[Short descriptive text snippets]
##############################

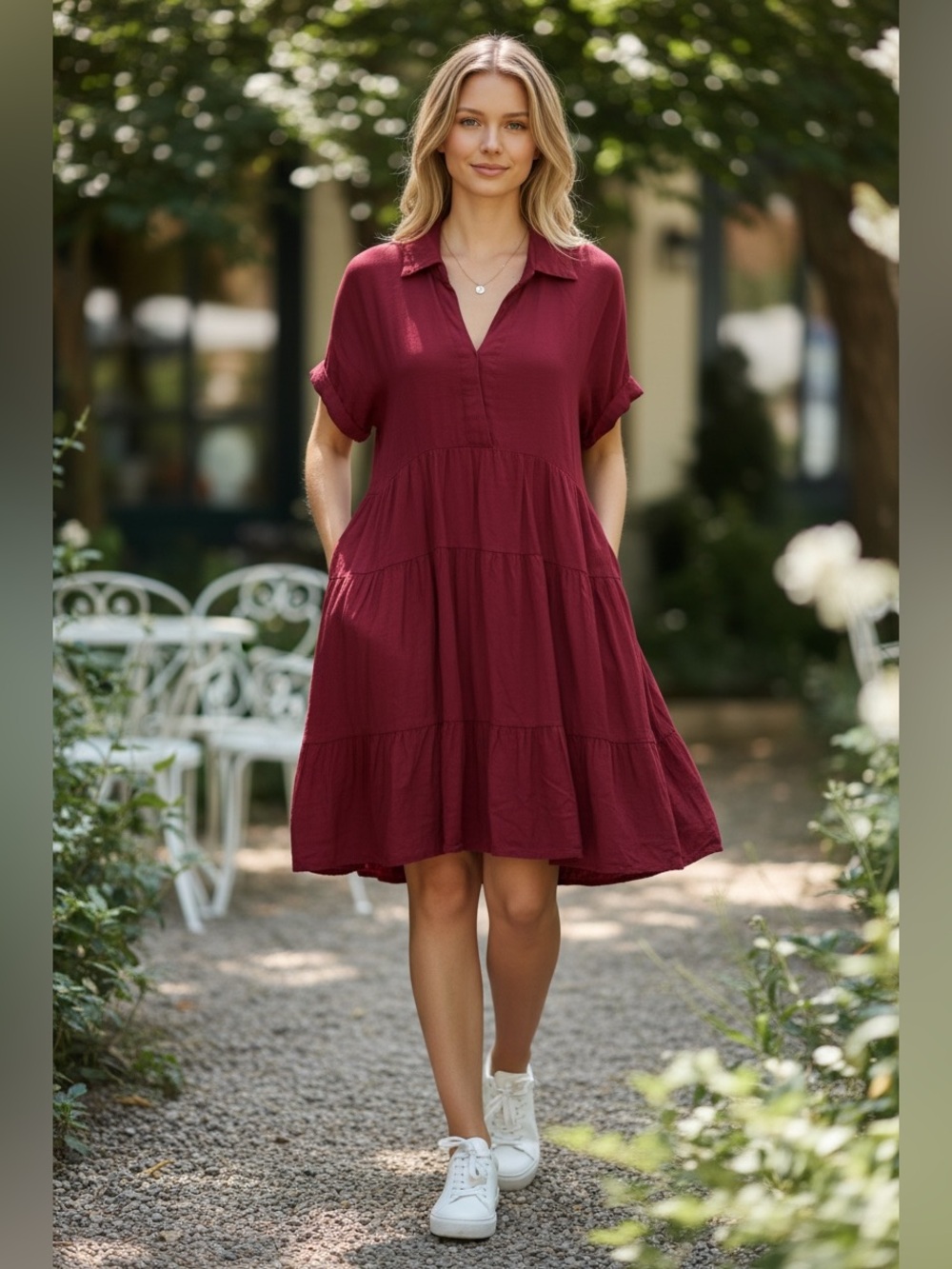 Umgee Burgundy Tiered Babydoll Shirt Dress – Size Large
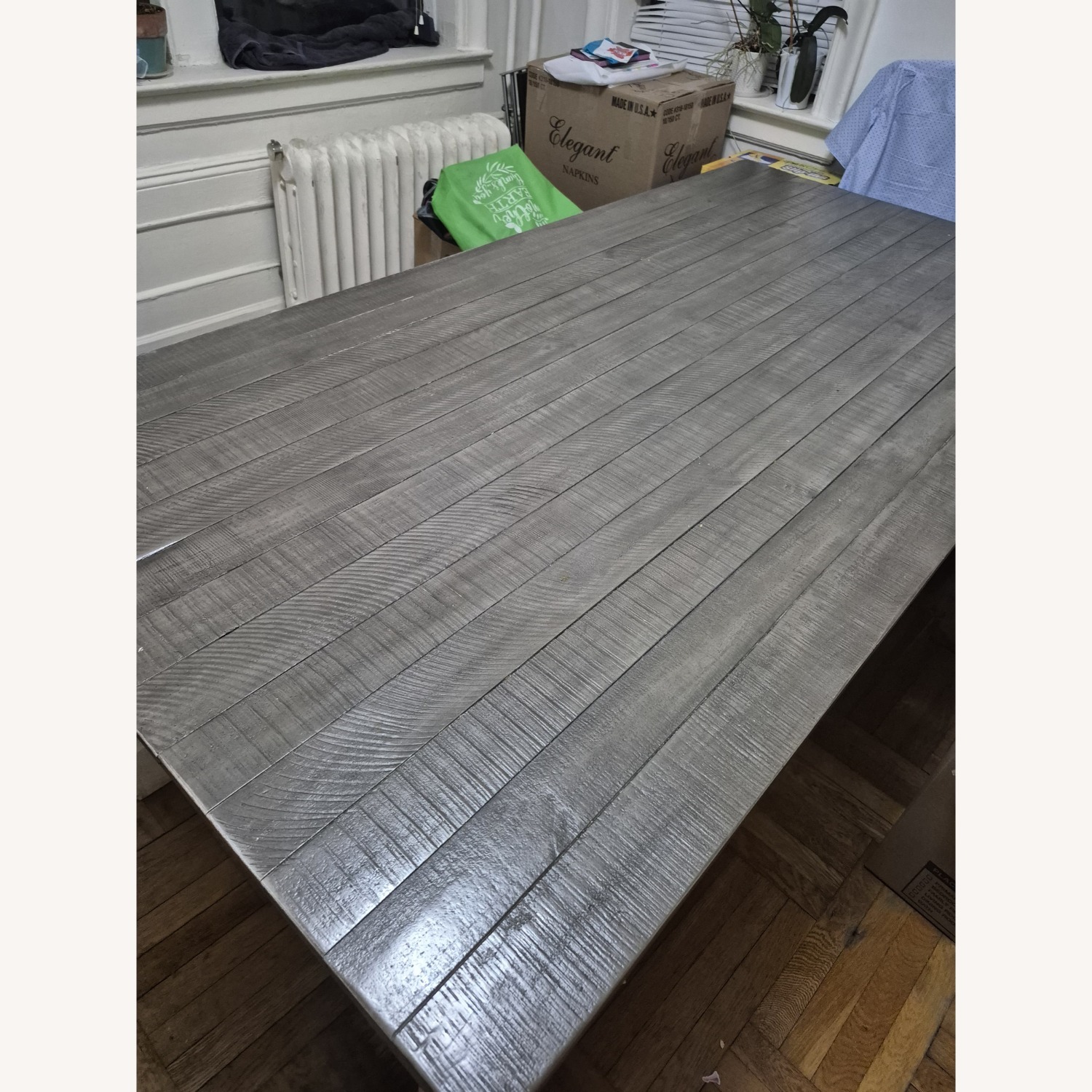 Ashley Furniture Light Gray Wood Dining Table - image-3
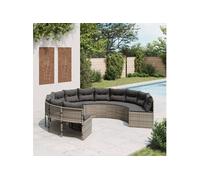 Vidaxl Canapé De Jardin Avec Coussins Rond Gris Résine Tressée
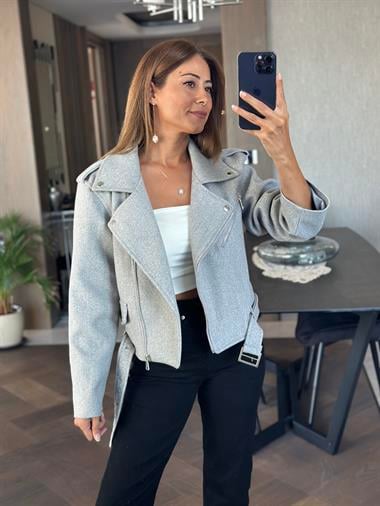 Gri Fermuarlı Motorcu Kısa Kadın Kaşe Ceket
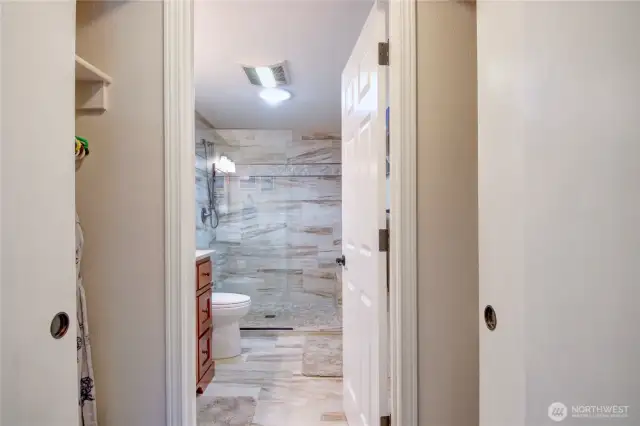 two closets - one on each side of the short hallway leading to the ensuite.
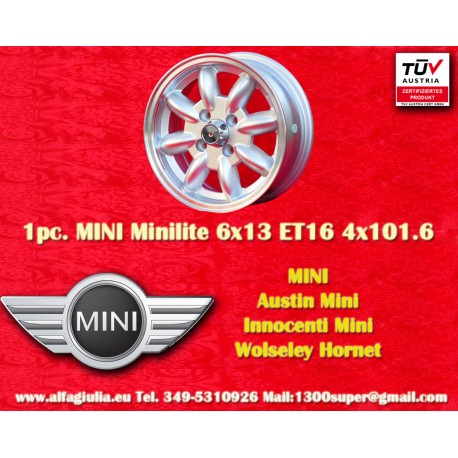 Mini Minilite 6x13 ET16 4x101.6 silver/diamond cut Mini Mk1-3 wheel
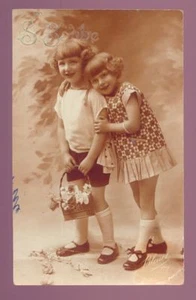 RPPC SEPIA Rubio Hermano y Hermana STE BARBE Charol Zapatos Postal Francesa - Imagen 1 de 1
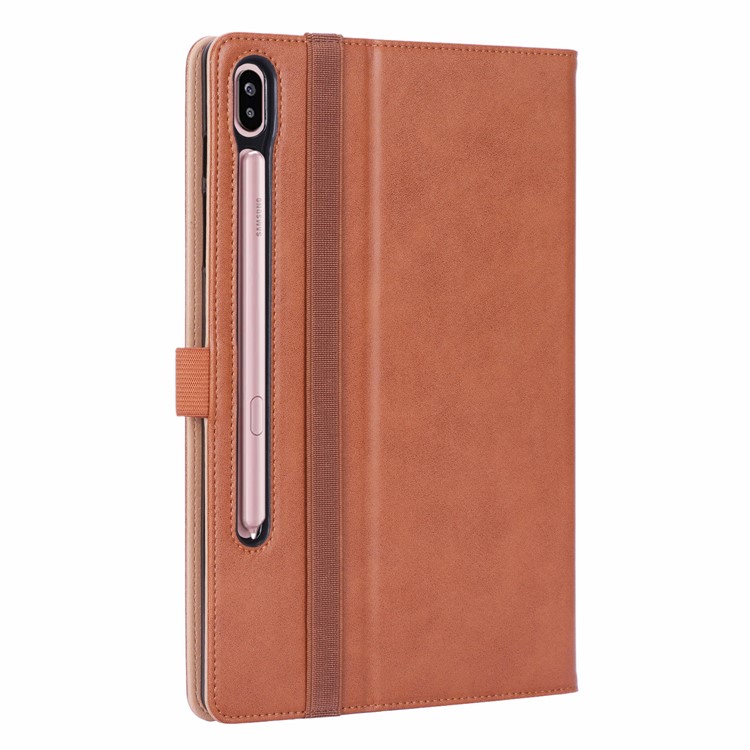 Leather Stand Card Holder Tablet Case for Samsung Samsung Galaxy Tab S6 T860 T865 - Brown-5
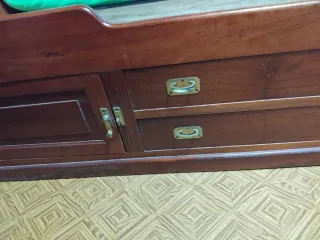 Sofá Cama Madera y Tela Verde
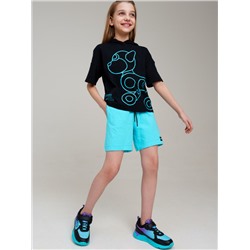 Комплект трикотажный для девочек: фуфайка (футболка), шорты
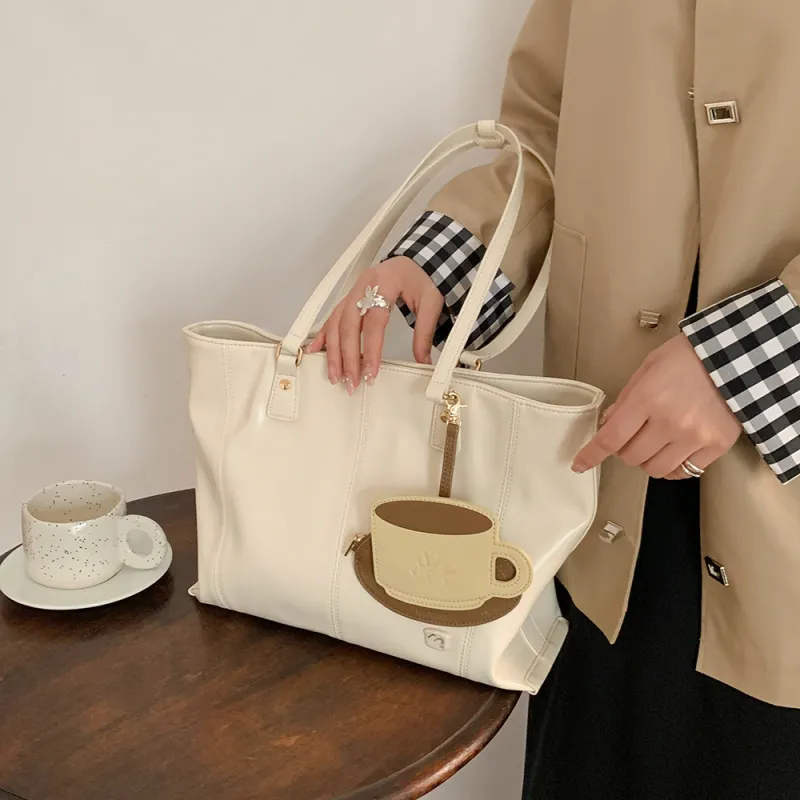 MICOCAH PU Tote Bag, Shopping Bag, Handbag, Shoulder Bag Women's-2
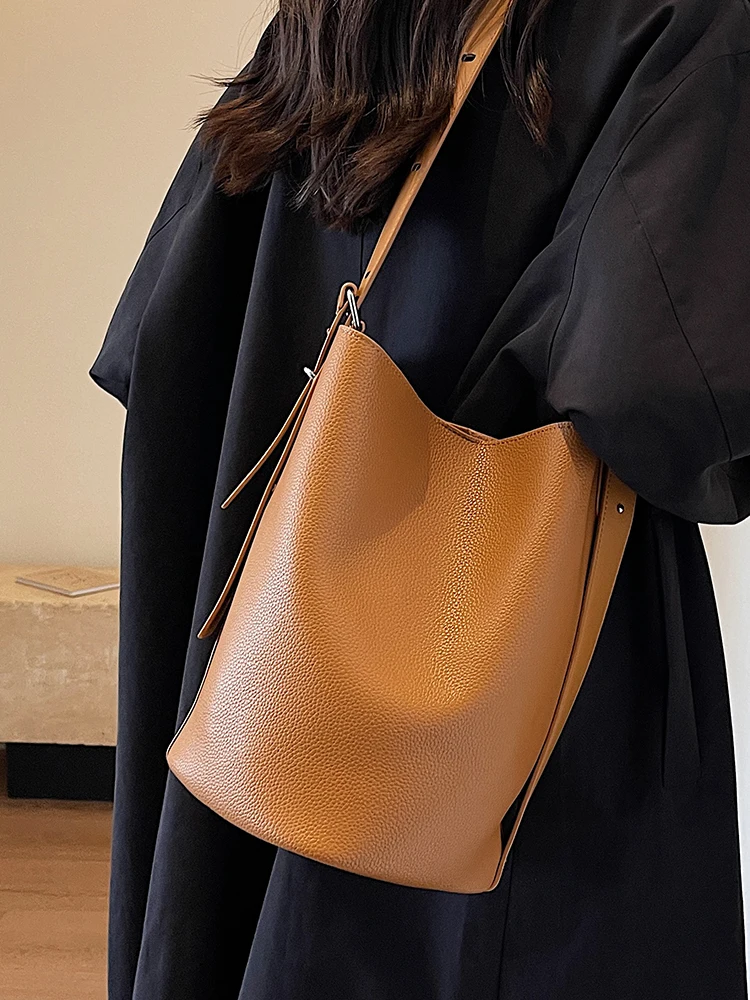 Fashion Large Capacity Women Bucket Bags 2023 New Chic Design Single Shoulder Bag Textured Pu Leather Female Crossbody Bag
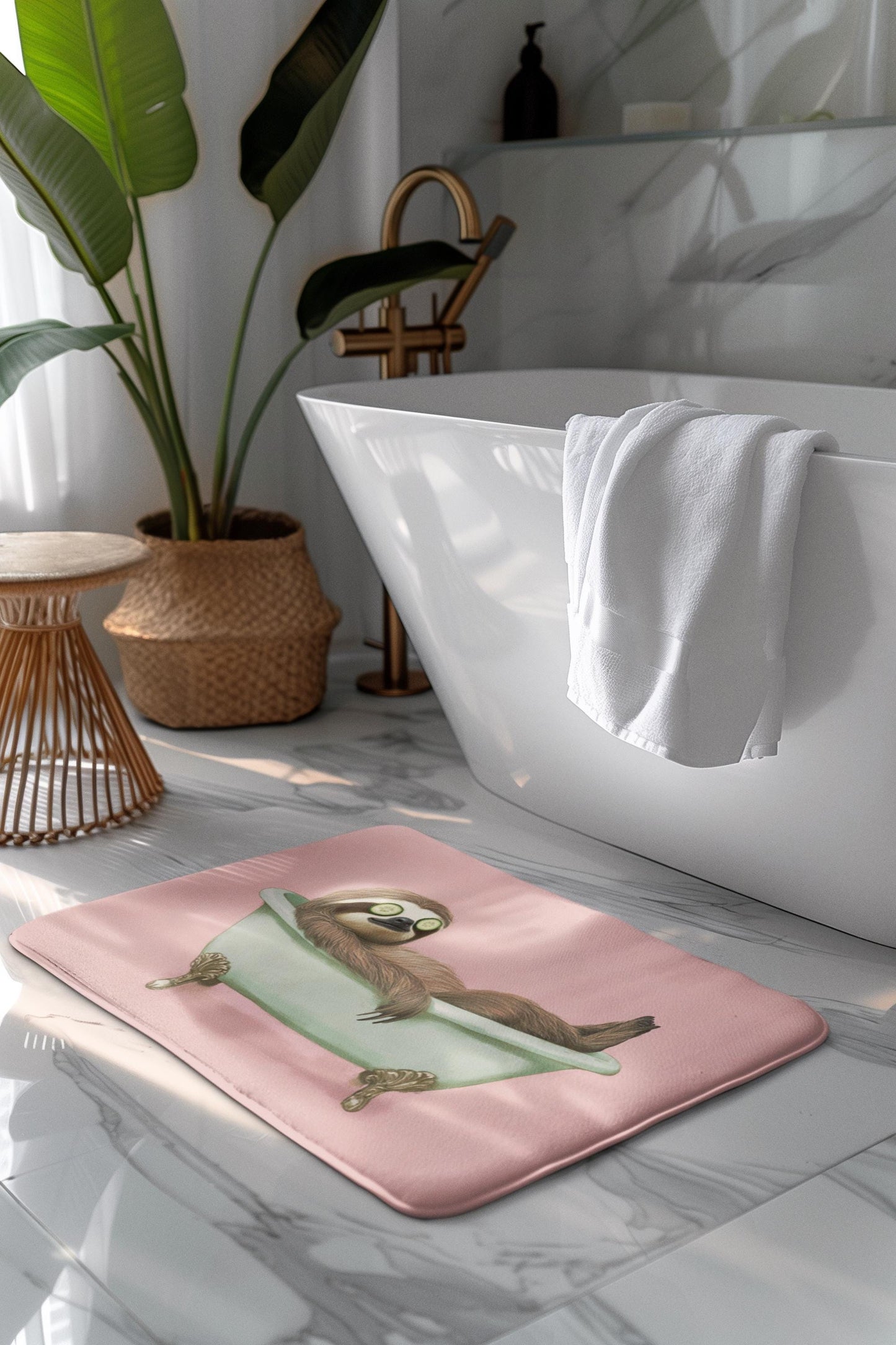 Sloth Bath Mat – Funny Animal Bathroom Rug, Self-Care Whimsical Decor & Gift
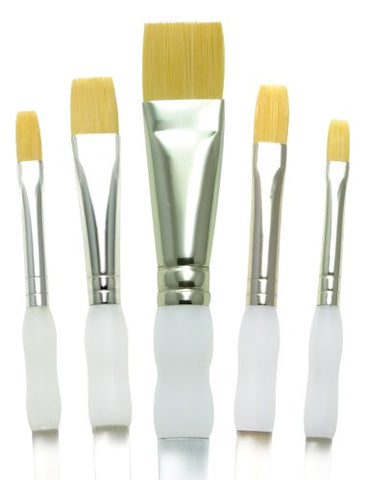 Royal Brush Soft Grip Bottom Flat Golden Taklon Fiber Paint Brush Set, Assorted Size, Set of 5
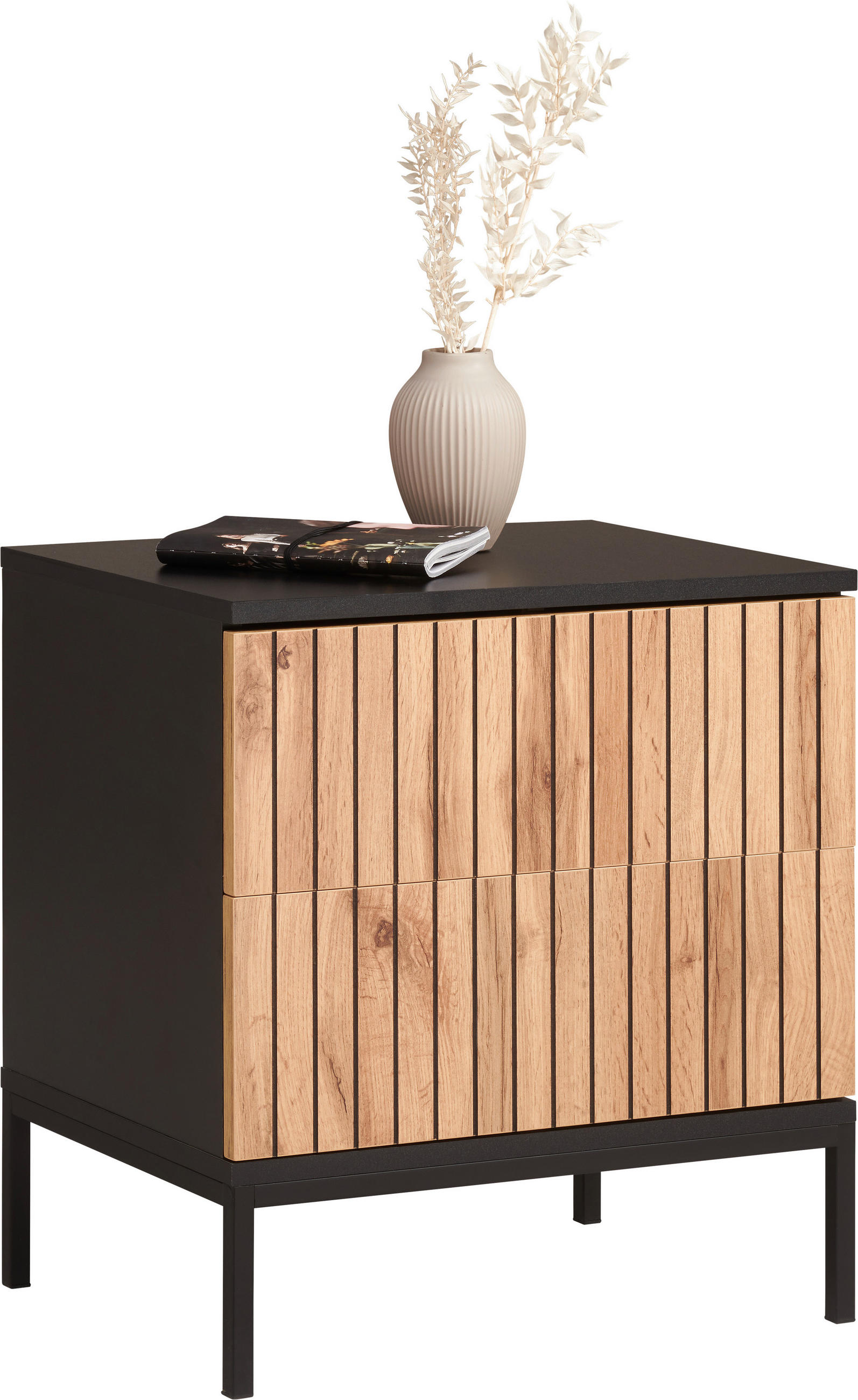 Xora Nachtschrank Schwarz, Eiche Wotan 51.5x56x38 cm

##############################

▶ _What the exercise asks_: Without the pictures, write out the lines from the beginning of the entries through the line with "Mini Minilite 6x13".

▶ _Response area_:
 Umgee Burgundy Tiered Babydoll Shirt Dress – Size Large
 Ashley Furniture Light Gray Wood Dining Table - image-3
 Vidaxl Canapé De Jardin Avec Coussins Rond Gris Résine Tressée
 Gri Fermuarlı Motorcu Kısa Kadın Kaşe Ceket
 two closets - one on each side of the short hallway leading to the ensuite.
 Mini Minilite 6x13 ET16 4x101.6 silver/diamond cut Mini Mk1-3 wheel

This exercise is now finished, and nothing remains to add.